WORK REQUIRED: Below are some entries; report how many of their lines contain the word "Steel", giving nothing besides the number.

DATASET ENTRIES:

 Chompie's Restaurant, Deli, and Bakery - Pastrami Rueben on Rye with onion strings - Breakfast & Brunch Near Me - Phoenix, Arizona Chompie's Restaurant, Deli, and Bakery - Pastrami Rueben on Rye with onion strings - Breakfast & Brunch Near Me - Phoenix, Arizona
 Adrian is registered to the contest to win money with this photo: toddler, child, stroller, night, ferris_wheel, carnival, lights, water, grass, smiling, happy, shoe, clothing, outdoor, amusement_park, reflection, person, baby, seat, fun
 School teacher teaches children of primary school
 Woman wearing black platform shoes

...

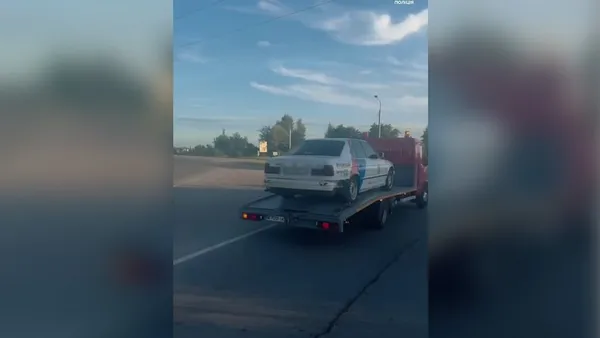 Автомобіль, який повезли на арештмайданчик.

---

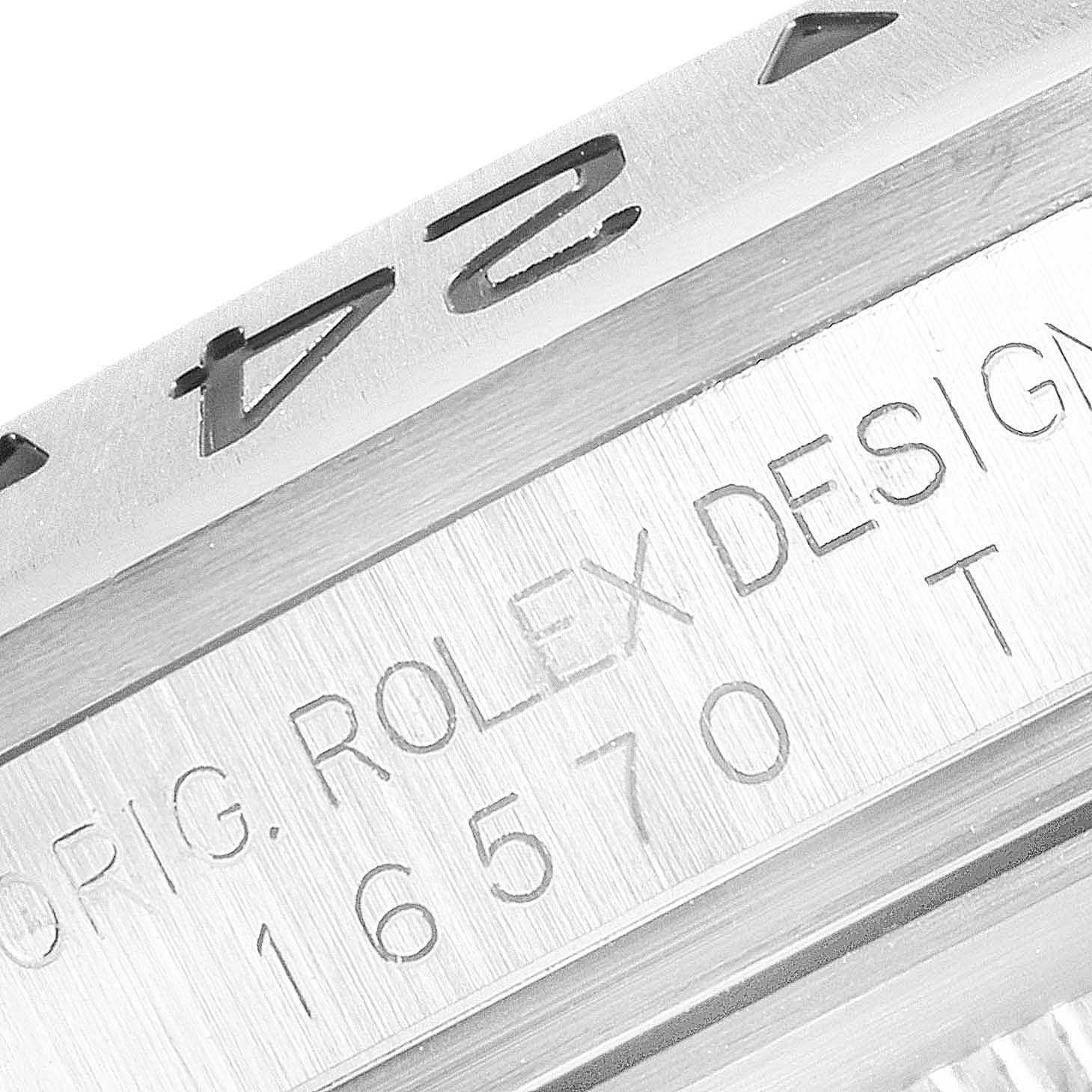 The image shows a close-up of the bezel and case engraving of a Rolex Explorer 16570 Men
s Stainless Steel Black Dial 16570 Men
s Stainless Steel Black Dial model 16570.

RESPONSE AREA: 2